Turn on 8a+ and 8bz, balance weight 15a,
Observe the vibration meter while moving the parts 15b in opposite directions to find the position where the vibration is minimum.

The amplitude of vibration in this case is shown in the graph of FIG. 7(a), and the minimum amplitude is for both balance weights 5a and 1.
This is when the angle between 5b and 5b is close to 30'. The operator blinks the light sources 3a and 8bz as appropriate.
Both balance weights 15a, 151) are stopped at the above angular positions. The state at this time is shown in FIG. 7(b). That is, centrifugal force F.

and the centrifugal force F at the bottom of the centrifugal force F, ,F. are in a balanced state.

In this way, in this example, a permanent magnet is provided on the stationary side and a coil is provided on the rotating side, so that power is generated within the balancer body, so there is no need to use slip rings or brushes, and therefore maintenance is required. This is easy and can improve reliability.

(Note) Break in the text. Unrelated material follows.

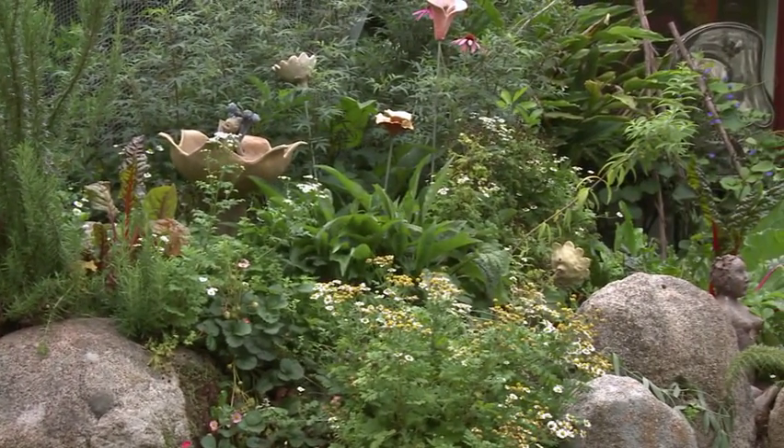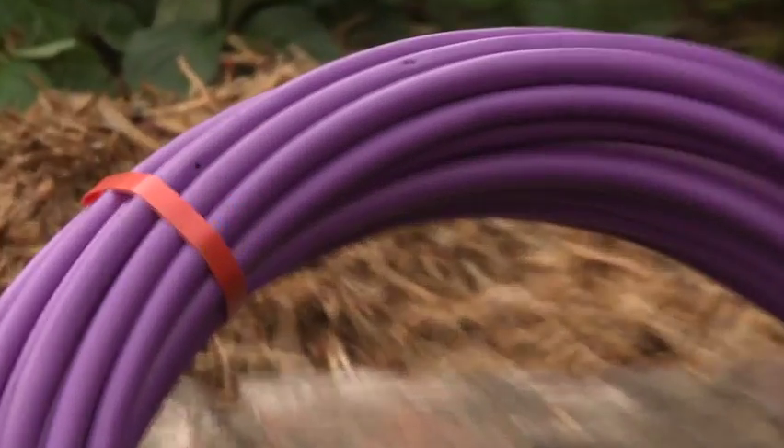For flatter gardens or shorter distances, look for non-compensating pipe — this will do the job just fine. If you're operating from a low-pressure system like a tank, there's drip line for this as well. And this purple stuff is for dispersing greywater.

In addition, in the description of the above embodiment, an example using two balance weights was explained, but three balance weights are used.
More than one can be used, or one can be used if it is configured to move in both the radial and circumferential directions.

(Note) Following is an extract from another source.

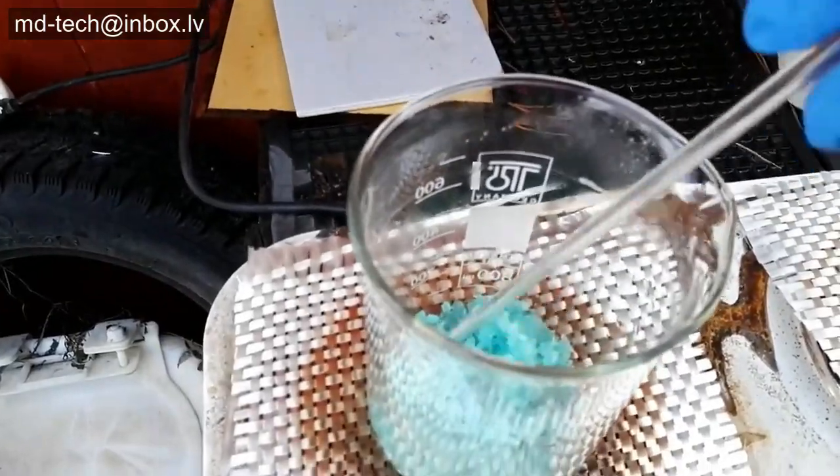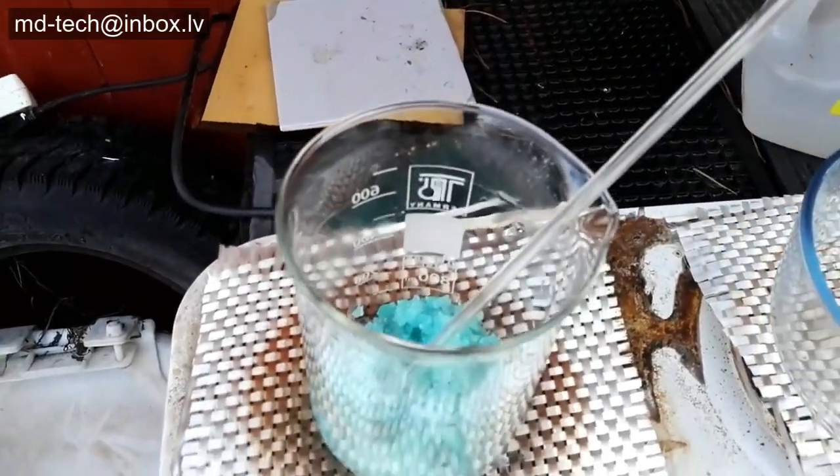After one hour, the iron is completely dissolved and has formed ferrous sulfate.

[Effects of the Invention] As described above, in the present invention, a permanent magnet is placed on the fixed side,
In addition, a generator coil is installed inside the rotating balancer body, and the interaction between the magnetic flux of the permanent magnet and the generator coil generates an induced current in the lightning generator coil, which is used as a power source, so slip rings and brushes can be used. There is no need to use it (
, maintenance can be facilitated and reliability can be improved.

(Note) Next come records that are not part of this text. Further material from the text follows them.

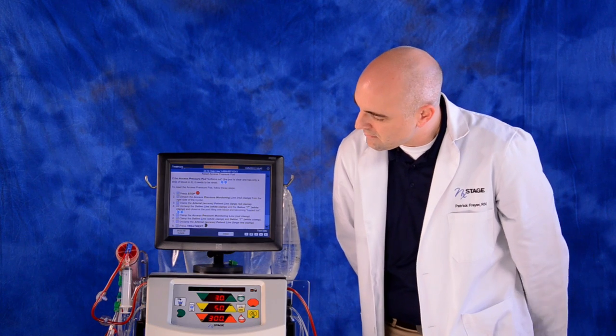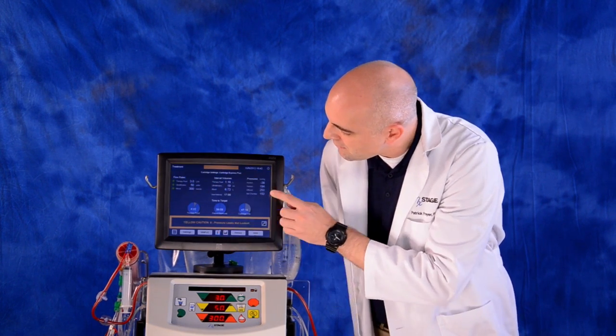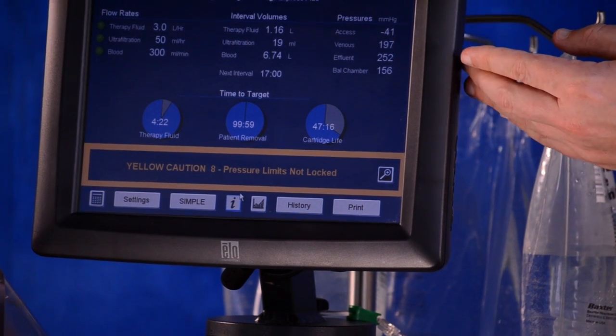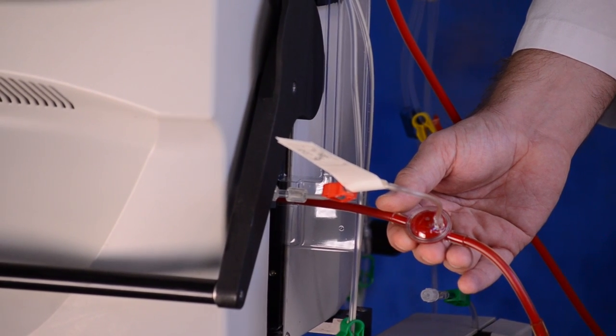Verify the access pressure on the one view is within normal range. Also verify the pod is full of blood and fluctuating with an indentation no bigger than a dime.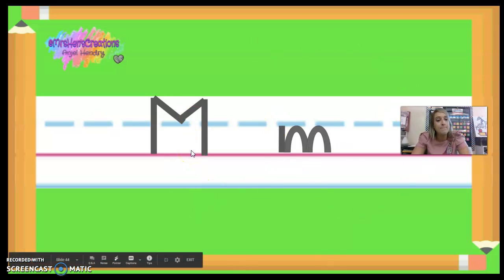M says mmm, mmm, mmm, because that milk is mmm, mmm, good. Bye, guys.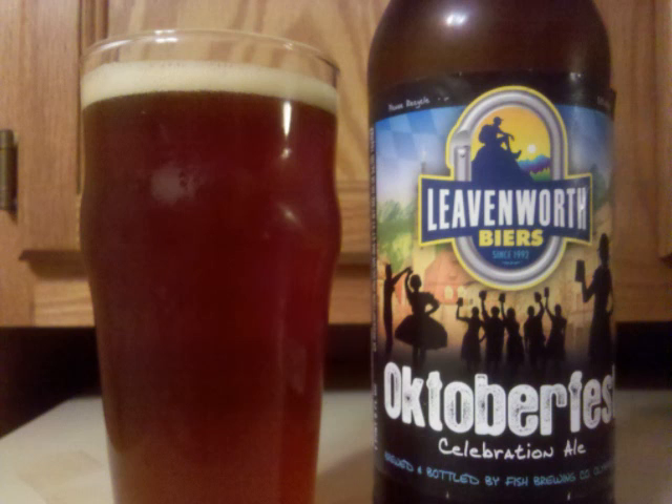The nose isn't too strong, but is mainly focused on a variety of malts, from caramel to a variety of German malts.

[Brief explanation of drawings]

Fig. 1 is a sectional view of a dynamic balancer for a grinding machine according to an embodiment of the present invention, Fig. 2 is a sectional view taken along the line ■-■ shown in Fig. 1, and Figs. 3(a) and (b). is a rear view of the bobbin shown in Fig. 1, Figs. 4(a) and 4(b) are cross-sectional views of the bobbin shown in Fig. 1, and Fig. 5 is a circuit diagram of the electric circuit of the dynamic balancer shown in Fig. 1. , Figures 6(a) and (b) are vibration amplitude waveform diagrams and corresponding vector diagrams, and Figure 7(a).
, (b) is a waveform diagram of vibration amplitude and a vector diagram corresponding thereto. 1...Spindle head, 2...Spindle, 3...
... Grinding wheel, 4 ... Dynamic parenser body, 7a ~
7d...Permanent magnet, 12a, 12b...
・Motor, 14a, 14b...Large gear, 15a
, 15b...Balance weight, 22...
...Bobbin, 23...Coil, 24a, 24b
・・・・・・Ring piece. Figure 2 ■ 10 Figure 3 (a) (b) Figure (0) (b) Figure 5 Figure 6 (a) (b) Figure 7 (0) (b) Procedural amendment (voluntary) Heisei November 2, 1 year

Claims (2)

[Claims] (1) In a dynamic balancer for a rotating body, which includes a motor and a balance weight driven by the motor inside the balancer body attached to the rotating shaft, the balancer body is attached at a position facing the balancer body on the support part of the rotating shaft. a light source and a plurality of permanent magnets; an optical sensor attached to the balancer body at a position facing the light source to control driving of the motor; and an optical sensor attached to the balancer body so that the magnetic flux of the permanent magnets crosses the balancer body. A dynamic balancer for a rotating body, comprising a power generation coil and supply means for supplying the current induced in the power generation coil to the motor and the optical sensor. (2) In the dynamic balancer for a rotating body according to claim (1), a plurality of the motors, the balance weights, the light sources, and the optical sensors are provided in correspondence with each other, and each of the motors, the balance weights, the light sources, and the optical sensors are provided for each of the balance weights. Another light source and another optical sensor are provided on both sides of the support member that supports the balance weight, and another light source and another optical sensor are provided to position the balance weight. A dynamic balancer for a rotating body, characterized in that it is provided with a supply means.